### What is being asked
Set the records down once more so that they match the source word for word.

(Data items)
■ ■ ■ ■ ■ ■ ■

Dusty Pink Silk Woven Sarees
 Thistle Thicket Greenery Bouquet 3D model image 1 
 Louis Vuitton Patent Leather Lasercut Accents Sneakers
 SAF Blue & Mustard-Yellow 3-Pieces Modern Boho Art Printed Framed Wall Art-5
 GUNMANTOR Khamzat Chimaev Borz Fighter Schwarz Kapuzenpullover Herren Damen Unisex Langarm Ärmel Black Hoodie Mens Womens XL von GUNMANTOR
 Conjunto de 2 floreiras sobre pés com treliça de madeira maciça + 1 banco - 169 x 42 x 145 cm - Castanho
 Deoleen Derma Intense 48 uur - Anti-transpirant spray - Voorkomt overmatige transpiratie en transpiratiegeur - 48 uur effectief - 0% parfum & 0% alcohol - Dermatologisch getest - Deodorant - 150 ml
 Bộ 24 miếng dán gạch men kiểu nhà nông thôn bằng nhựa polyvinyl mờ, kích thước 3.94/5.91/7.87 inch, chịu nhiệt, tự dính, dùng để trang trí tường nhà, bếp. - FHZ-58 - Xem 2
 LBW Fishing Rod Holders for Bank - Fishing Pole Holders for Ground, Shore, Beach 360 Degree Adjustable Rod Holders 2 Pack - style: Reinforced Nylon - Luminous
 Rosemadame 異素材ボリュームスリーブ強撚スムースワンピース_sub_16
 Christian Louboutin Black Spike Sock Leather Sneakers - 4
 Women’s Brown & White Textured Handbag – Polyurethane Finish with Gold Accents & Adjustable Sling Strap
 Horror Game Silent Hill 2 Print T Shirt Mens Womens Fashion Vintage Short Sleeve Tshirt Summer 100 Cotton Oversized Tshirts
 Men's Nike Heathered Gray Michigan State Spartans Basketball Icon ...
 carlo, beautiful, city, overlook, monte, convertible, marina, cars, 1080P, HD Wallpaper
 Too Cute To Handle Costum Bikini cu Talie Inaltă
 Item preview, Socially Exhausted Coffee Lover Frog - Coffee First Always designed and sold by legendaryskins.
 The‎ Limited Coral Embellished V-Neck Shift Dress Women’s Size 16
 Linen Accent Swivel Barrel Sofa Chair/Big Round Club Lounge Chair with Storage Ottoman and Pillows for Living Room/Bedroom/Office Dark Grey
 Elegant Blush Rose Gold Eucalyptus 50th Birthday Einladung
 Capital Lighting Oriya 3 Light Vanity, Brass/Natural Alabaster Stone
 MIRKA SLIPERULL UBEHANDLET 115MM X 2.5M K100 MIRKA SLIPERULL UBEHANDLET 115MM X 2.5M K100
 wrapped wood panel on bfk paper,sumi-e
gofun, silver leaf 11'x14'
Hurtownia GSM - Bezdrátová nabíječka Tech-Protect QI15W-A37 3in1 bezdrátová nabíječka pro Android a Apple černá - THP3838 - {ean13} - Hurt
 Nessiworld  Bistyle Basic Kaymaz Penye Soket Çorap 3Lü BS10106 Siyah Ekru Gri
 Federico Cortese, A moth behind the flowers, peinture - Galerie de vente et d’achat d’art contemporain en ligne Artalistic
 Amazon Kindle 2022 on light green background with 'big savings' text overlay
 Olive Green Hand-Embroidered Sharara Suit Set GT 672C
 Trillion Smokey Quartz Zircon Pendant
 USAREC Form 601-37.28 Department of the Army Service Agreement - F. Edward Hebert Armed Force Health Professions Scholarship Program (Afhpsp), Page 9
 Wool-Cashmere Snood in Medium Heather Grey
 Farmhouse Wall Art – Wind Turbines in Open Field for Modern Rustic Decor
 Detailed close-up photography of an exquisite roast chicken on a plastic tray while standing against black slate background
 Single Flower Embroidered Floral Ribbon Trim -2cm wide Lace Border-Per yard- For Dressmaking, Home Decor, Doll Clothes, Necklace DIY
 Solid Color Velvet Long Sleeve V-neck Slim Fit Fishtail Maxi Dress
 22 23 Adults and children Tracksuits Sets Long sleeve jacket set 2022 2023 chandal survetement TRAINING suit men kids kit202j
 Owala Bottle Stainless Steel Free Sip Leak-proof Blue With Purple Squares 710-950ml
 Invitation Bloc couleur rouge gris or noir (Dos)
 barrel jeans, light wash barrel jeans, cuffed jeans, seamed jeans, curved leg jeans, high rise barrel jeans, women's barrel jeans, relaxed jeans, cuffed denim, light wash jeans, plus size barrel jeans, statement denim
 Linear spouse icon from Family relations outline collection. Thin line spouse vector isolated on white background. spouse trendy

■ ■ ■ ■ ■ ■ ■

### Answer to this exercise
Dusty Pink Silk Woven Sarees
 Thistle Thicket Greenery Bouquet 3D model image 1 
 Louis Vuitton Patent Leather Lasercut Accents Sneakers
 SAF Blue & Mustard-Yellow 3-Pieces Modern Boho Art Printed Framed Wall Art-5
 GUNMANTOR Khamzat Chimaev Borz Fighter Schwarz Kapuzenpullover Herren Damen Unisex Langarm Ärmel Black Hoodie Mens Womens XL von GUNMANTOR
 Conjunto de 2 floreiras sobre pés com treliça de madeira maciça + 1 banco - 169 x 42 x 145 cm - Castanho
 Deoleen Derma Intense 48 uur - Anti-transpirant spray - Voorkomt overmatige transpiratie en transpiratiegeur - 48 uur effectief - 0% parfum & 0% alcohol - Dermatologisch getest - Deodorant - 150 ml
 Bộ 24 miếng dán gạch men kiểu nhà nông thôn bằng nhựa polyvinyl mờ, kích thước 3.94/5.91/7.87 inch, chịu nhiệt, tự dính, dùng để trang trí tường nhà, bếp. - FHZ-58 - Xem 2
 LBW Fishing Rod Holders for Bank - Fishing Pole Holders for Ground, Shore, Beach 360 Degree Adjustable Rod Holders 2 Pack - style: Reinforced Nylon - Luminous
 Rosemadame 異素材ボリュームスリーブ強撚スムースワンピース_sub_16
 Christian Louboutin Black Spike Sock Leather Sneakers - 4
 Women’s Brown & White Textured Handbag – Polyurethane Finish with Gold Accents & Adjustable Sling Strap
 Horror Game Silent Hill 2 Print T Shirt Mens Womens Fashion Vintage Short Sleeve Tshirt Summer 100 Cotton Oversized Tshirts
 Men's Nike Heathered Gray Michigan State Spartans Basketball Icon ...
 carlo, beautiful, city, overlook, monte, convertible, marina, cars, 1080P, HD Wallpaper
 Too Cute To Handle Costum Bikini cu Talie Inaltă
 Item preview, Socially Exhausted Coffee Lover Frog - Coffee First Always designed and sold by legendaryskins.
 The‎ Limited Coral Embellished V-Neck Shift Dress Women’s Size 16
 Linen Accent Swivel Barrel Sofa Chair/Big Round Club Lounge Chair with Storage Ottoman and Pillows for Living Room/Bedroom/Office Dark Grey
 Elegant Blush Rose Gold Eucalyptus 50th Birthday Einladung
 Capital Lighting Oriya 3 Light Vanity, Brass/Natural Alabaster Stone
 MIRKA SLIPERULL UBEHANDLET 115MM X 2.5M K100 MIRKA SLIPERULL UBEHANDLET 115MM X 2.5M K100
 wrapped wood panel on bfk paper,sumi-e
gofun, silver leaf 11'x14'
Hurtownia GSM - Bezdrátová nabíječka Tech-Protect QI15W-A37 3in1 bezdrátová nabíječka pro Android a Apple černá - THP3838 - {ean13} - Hurt
 Nessiworld  Bistyle Basic Kaymaz Penye Soket Çorap 3Lü BS10106 Siyah Ekru Gri
 Federico Cortese, A moth behind the flowers, peinture - Galerie de vente et d’achat d’art contemporain en ligne Artalistic
 Amazon Kindle 2022 on light green background with 'big savings' text overlay
 Olive Green Hand-Embroidered Sharara Suit Set GT 672C
 Trillion Smokey Quartz Zircon Pendant
 USAREC Form 601-37.28 Department of the Army Service Agreement - F. Edward Hebert Armed Force Health Professions Scholarship Program (Afhpsp), Page 9
 Wool-Cashmere Snood in Medium Heather Grey
 Farmhouse Wall Art – Wind Turbines in Open Field for Modern Rustic Decor
 Detailed close-up photography of an exquisite roast chicken on a plastic tray while standing against black slate background
 Single Flower Embroidered Floral Ribbon Trim -2cm wide Lace Border-Per yard- For Dressmaking, Home Decor, Doll Clothes, Necklace DIY
 Solid Color Velvet Long Sleeve V-neck Slim Fit Fishtail Maxi Dress
 22 23 Adults and children Tracksuits Sets Long sleeve jacket set 2022 2023 chandal survetement TRAINING suit men kids kit202j
 Owala Bottle Stainless Steel Free Sip Leak-proof Blue With Purple Squares 710-950ml
 Invitation Bloc couleur rouge gris or noir (Dos)
 barrel jeans, light wash barrel jeans, cuffed jeans, seamed jeans, curved leg jeans, high rise barrel jeans, women's barrel jeans, relaxed jeans, cuffed denim, light wash jeans, plus size barrel jeans, statement denim
 Linear spouse icon from Family relations outline collection. Thin line spouse vector isolated on white background. spouse trendy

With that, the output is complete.